When dealing with a large amount of data, organizing it into a grouped frequency distribution makes it easier to analyze. This lesson focuses on how to calculate the mean (the average) from such a table, which gives us a single, representative value for the entire data set.

1. Core Concepts & Vocabulary

• Grouped Frequency Distribution: A table that organizes data into groups called class intervals.

• Class Interval: The range for each group (e.g., 10 - 20).

• Frequency (f): The number of data values in each class interval.

• Mid-value (x): The middle value of a class interval, used to represent all data in that group. Mid-value = (Lower Value + Upper Value) / 2.

• Modal Class: The class interval with the highest frequency.

• Mean: The average of the data. For grouped data, it's an estimate because we use mid-values.

2. Calculating the Mean: Two Methods

Method 1: The Direct Method (Best for smaller numbers)

Use this method when the mid-values are easy to work with.

Formula: Mean = Σfx / Σf

• Σf is the total number of data points (sum of frequencies).

• Σfx is the sum of the (mid-value × frequency) products.

Step-by-Step:

1. Create a 4-column table: Class Interval, Mid-value (x), Frequency (f), fx.

2. Calculate the mid-value (x) for each class.

3. Calculate fx for each row by multiplying f × x.

4. Find the totals: Add up the f column to get Σf. Add up the fx column to get Σfx.

5. Divide: Mean = Σfx / Σf.

Method 2: The Assumed Mean Method (Best for large numbers)

This method simplifies calculations by letting you work with smaller numbers.

Formula: Mean = A + (Σfd / Σf)

• A is the Assumed Mean (a mid-value you choose).

• d is the Deviation (d = x - A).

• Σfd is the sum of the (frequency × deviation) products.

Step-by-Step:

1. Create a 5-column table: Class Interval, Mid-value (x), Frequency (f), Deviation (d), fd.

2. Choose an Assumed Mean (A): Pick a mid-value from near the middle of the table (often from the modal class). This makes the deviation numbers smaller.

3. Calculate the deviation (d) for each row: d = x - A. (Note: d will be 0 for the row you chose A from, and negative for rows above it).

4. Calculate fd for each row by multiplying f × d.

5. Find the totals: Add up the f column to get Σf. Add up the fd column (paying attention to negative signs) to get Σfd.

6. Apply the formula: Mean = A + (Σfd / Σf).

3. Exam Tips & Tricks

• When to Use Which Method?

  • If the mid-values are simple (e.g., 5, 15, 25), use the Direct Method.
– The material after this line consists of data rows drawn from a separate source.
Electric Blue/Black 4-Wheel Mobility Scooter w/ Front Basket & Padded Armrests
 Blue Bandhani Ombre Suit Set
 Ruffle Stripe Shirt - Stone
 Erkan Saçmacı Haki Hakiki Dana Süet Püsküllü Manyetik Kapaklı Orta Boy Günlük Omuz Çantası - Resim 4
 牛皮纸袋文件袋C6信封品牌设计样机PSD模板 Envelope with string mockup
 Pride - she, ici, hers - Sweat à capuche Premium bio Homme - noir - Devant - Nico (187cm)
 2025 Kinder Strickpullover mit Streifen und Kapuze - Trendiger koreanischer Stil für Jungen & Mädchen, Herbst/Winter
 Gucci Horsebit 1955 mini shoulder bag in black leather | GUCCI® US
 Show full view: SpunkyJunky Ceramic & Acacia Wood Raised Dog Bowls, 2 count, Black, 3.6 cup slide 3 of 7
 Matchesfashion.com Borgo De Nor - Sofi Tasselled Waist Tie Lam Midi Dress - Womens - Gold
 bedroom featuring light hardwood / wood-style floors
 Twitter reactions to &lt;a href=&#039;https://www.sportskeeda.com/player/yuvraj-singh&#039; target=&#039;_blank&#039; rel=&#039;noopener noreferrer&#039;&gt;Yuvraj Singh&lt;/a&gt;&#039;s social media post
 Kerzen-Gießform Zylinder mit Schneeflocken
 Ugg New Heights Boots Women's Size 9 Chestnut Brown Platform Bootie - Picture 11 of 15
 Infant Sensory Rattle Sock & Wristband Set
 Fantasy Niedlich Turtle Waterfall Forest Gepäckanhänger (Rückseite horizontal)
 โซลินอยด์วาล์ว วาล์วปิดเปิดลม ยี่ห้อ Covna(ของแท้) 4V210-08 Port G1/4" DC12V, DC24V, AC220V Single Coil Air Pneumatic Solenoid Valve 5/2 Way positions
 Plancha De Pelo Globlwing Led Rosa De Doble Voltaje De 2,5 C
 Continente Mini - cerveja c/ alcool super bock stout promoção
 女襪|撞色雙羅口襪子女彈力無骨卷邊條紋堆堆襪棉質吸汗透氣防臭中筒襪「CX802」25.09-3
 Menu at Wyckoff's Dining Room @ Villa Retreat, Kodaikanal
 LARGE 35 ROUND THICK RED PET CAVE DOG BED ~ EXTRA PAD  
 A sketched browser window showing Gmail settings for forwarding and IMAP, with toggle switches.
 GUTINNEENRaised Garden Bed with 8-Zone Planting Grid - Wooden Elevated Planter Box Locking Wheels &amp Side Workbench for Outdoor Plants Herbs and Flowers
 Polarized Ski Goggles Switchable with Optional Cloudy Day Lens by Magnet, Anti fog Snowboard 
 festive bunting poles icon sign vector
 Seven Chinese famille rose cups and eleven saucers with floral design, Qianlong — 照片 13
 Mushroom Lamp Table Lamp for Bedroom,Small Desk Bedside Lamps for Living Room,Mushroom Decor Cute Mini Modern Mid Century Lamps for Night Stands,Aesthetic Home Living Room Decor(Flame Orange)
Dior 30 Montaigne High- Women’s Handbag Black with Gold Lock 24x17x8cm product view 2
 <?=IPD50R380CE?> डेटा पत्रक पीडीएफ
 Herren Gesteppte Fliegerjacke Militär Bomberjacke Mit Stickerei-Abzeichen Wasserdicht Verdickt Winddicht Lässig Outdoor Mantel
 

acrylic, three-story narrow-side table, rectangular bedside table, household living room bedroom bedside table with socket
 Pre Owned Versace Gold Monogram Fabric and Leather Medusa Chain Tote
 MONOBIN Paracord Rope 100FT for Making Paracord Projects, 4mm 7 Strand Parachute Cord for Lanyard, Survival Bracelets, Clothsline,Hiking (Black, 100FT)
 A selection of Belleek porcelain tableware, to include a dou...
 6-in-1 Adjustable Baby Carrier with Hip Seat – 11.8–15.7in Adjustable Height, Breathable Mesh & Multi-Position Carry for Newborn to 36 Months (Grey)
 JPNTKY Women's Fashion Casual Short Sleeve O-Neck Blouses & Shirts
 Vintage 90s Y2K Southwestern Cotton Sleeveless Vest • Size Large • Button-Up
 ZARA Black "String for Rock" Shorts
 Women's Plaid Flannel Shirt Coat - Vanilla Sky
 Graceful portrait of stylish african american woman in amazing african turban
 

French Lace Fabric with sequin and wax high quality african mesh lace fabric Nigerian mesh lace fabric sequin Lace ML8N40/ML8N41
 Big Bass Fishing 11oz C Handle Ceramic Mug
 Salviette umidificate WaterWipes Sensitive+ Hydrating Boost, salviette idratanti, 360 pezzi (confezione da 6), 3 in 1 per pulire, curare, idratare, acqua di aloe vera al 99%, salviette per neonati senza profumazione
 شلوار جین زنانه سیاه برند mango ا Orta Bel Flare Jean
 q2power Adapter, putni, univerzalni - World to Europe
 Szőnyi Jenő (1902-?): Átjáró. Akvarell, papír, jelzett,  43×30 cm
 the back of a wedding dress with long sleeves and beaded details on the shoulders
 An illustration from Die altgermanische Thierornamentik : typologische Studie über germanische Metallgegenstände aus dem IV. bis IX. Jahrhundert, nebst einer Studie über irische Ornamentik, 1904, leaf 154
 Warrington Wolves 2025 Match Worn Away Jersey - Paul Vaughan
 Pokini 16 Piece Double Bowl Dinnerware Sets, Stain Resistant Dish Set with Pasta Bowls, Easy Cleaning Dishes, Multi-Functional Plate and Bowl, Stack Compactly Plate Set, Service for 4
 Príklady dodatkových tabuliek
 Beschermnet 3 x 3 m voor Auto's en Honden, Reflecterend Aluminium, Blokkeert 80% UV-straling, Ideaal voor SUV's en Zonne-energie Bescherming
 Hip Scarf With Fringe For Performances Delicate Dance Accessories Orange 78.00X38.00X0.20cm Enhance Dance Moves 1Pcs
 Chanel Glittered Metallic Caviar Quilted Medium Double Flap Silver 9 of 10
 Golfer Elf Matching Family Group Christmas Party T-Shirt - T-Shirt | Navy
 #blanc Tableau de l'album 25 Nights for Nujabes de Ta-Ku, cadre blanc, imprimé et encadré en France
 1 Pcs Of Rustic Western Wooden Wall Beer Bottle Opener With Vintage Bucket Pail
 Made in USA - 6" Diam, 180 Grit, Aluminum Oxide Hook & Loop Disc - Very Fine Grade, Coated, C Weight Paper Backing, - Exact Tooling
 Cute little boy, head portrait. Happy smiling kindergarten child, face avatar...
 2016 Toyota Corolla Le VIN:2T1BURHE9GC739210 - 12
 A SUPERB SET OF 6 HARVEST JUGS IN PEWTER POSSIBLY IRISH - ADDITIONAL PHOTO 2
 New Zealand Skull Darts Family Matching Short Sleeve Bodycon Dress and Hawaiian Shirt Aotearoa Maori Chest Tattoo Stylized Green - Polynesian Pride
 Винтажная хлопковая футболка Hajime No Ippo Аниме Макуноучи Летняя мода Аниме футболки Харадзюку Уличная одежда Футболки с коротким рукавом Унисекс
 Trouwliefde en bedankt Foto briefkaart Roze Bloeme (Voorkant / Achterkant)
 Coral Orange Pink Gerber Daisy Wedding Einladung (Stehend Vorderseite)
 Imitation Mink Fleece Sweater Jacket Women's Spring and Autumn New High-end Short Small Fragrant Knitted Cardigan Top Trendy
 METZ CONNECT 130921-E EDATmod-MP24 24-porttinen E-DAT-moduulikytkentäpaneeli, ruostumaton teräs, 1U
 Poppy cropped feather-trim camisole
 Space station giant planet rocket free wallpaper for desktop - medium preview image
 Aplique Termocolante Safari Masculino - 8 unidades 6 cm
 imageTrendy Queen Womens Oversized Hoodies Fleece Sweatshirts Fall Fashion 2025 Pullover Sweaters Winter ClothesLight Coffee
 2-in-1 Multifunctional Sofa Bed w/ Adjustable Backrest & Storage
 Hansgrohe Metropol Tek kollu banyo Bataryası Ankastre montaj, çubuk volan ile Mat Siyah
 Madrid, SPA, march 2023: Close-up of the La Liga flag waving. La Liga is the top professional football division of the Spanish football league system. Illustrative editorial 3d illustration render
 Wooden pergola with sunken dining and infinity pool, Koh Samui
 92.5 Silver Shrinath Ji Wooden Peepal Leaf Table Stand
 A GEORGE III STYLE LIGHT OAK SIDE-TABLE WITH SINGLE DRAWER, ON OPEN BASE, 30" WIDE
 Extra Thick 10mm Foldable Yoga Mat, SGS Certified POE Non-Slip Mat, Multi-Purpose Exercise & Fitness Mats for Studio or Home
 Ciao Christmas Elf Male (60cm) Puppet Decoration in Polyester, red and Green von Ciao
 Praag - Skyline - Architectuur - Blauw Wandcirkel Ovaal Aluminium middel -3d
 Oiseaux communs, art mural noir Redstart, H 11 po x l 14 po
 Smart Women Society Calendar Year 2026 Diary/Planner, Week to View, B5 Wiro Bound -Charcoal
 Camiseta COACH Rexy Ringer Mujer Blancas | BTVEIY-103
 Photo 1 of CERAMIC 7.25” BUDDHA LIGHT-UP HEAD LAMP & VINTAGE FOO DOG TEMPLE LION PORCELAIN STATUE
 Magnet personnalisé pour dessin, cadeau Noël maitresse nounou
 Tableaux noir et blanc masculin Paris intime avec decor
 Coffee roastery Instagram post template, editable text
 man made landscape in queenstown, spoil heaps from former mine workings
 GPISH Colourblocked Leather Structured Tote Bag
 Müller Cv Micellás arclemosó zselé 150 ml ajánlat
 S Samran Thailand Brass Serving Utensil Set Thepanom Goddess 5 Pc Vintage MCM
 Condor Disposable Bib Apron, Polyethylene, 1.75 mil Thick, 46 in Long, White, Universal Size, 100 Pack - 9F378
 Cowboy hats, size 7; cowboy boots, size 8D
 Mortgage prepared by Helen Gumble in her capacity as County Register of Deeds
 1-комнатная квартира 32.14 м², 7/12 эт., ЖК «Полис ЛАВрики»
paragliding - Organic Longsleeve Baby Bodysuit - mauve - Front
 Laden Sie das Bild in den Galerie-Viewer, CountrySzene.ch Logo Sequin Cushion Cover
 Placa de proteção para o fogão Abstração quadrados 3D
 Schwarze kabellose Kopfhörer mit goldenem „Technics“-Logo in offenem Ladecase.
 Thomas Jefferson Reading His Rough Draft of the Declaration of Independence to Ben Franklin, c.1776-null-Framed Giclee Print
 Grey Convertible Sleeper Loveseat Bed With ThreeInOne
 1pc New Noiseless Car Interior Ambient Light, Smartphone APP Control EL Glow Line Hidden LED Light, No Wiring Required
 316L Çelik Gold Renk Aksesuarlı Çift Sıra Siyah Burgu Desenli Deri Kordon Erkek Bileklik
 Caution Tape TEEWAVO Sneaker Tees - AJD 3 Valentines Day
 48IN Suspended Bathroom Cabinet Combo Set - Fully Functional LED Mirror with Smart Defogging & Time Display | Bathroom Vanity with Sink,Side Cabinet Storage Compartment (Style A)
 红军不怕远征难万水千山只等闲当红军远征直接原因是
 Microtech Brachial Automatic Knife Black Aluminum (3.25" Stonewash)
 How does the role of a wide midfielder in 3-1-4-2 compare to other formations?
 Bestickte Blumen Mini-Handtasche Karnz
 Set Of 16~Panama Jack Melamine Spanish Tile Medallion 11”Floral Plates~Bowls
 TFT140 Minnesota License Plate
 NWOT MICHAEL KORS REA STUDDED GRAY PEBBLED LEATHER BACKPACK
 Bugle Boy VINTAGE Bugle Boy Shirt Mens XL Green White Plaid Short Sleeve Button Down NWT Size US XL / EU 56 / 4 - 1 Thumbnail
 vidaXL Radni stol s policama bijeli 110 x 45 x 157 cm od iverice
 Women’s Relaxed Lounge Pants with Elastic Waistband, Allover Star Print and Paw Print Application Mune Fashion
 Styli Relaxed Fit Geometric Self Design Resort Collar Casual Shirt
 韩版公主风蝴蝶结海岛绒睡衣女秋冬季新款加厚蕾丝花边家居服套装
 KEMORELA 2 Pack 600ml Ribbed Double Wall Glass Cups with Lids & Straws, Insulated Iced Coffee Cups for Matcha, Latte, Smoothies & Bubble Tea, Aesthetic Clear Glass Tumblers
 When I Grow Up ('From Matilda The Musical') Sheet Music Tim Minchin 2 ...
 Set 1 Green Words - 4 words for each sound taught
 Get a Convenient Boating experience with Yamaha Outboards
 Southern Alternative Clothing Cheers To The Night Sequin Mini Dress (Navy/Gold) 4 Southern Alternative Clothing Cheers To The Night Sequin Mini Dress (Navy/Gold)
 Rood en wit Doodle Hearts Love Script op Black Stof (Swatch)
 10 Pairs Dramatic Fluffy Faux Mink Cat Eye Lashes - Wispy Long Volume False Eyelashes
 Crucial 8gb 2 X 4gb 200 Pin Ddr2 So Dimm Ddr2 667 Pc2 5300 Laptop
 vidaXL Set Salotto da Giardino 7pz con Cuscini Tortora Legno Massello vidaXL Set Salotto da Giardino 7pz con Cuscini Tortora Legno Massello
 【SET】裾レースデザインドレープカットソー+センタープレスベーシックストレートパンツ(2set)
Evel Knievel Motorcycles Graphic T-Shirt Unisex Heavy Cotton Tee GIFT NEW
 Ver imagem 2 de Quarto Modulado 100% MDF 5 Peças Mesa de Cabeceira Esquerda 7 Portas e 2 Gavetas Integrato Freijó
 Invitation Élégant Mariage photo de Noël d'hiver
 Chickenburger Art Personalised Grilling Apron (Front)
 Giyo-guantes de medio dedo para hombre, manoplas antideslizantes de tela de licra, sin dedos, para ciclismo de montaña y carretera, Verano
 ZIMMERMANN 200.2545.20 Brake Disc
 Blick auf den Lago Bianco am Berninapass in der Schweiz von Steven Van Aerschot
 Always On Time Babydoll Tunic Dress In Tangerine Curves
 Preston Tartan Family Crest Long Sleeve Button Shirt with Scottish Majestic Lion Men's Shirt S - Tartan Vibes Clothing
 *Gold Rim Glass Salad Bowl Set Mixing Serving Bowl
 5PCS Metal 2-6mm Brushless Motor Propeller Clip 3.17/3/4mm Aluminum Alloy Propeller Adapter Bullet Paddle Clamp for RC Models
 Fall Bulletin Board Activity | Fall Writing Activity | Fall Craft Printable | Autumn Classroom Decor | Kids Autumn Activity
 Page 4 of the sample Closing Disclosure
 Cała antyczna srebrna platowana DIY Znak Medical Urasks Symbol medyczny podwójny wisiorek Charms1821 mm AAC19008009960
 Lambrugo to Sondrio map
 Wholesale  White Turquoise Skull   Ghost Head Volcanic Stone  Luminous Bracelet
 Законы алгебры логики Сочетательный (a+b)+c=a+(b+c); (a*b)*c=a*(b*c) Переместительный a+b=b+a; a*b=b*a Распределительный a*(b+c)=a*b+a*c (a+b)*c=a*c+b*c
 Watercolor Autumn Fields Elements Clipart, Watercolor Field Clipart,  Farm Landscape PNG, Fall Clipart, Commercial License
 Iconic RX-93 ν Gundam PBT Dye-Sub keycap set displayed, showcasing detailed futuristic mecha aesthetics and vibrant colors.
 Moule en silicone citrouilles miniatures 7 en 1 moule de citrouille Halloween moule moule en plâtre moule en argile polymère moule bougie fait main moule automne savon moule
  • If the mid-values are large and complex (e.g., 550, 650, 750), use the Assumed Mean Method to avoid difficult multiplication and potential errors.

• The Σf Check: The first thing you should do is add up the f column. This Σf value must match the total number of items mentioned in the question (e.g., "data from 50 farmers"). If it doesn't, you've misread the table.

• The Deviation Pattern Check: In the Assumed Mean method, if all your class intervals have the same width, the d column will have a constant pattern (e.g., -20, -10, 0, 10, 20). This is a great way to check if your mid-values are correct.

• Keep Tables Neat: A well-organized table is crucial. Use a ruler to draw your columns and write numbers clearly to prevent calculation mistakes.

4. Important Points to Remember

• The Mean is an Estimate: Because we use mid-values, the calculated mean is a very good estimate, not an exact value.